Go through the entries below and collect each line with the string "Picture" in it.

[[ INFORMATION, beginning ]]

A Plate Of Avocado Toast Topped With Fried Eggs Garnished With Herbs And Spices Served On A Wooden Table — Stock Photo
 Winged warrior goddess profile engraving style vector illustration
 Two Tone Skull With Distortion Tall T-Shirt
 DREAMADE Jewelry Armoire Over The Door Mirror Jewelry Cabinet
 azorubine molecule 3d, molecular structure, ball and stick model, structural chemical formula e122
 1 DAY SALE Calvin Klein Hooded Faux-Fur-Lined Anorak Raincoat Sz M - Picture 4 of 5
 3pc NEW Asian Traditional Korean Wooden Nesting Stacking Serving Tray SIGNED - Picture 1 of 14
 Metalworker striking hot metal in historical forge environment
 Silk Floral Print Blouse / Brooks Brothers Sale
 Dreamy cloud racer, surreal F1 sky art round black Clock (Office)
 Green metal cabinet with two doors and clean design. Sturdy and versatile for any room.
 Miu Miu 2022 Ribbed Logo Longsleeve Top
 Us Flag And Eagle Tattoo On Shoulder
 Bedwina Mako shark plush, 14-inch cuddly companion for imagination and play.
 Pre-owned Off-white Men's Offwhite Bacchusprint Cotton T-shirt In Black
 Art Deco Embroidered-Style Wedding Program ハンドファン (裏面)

[[ INFORMATION, end ]]

* TASK OUTPUT:
 1 DAY SALE Calvin Klein Hooded Faux-Fur-Lined Anorak Raincoat Sz M - Picture 4 of 5
 3pc NEW Asian Traditional Korean Wooden Nesting Stacking Serving Tray SIGNED - Picture 1 of 14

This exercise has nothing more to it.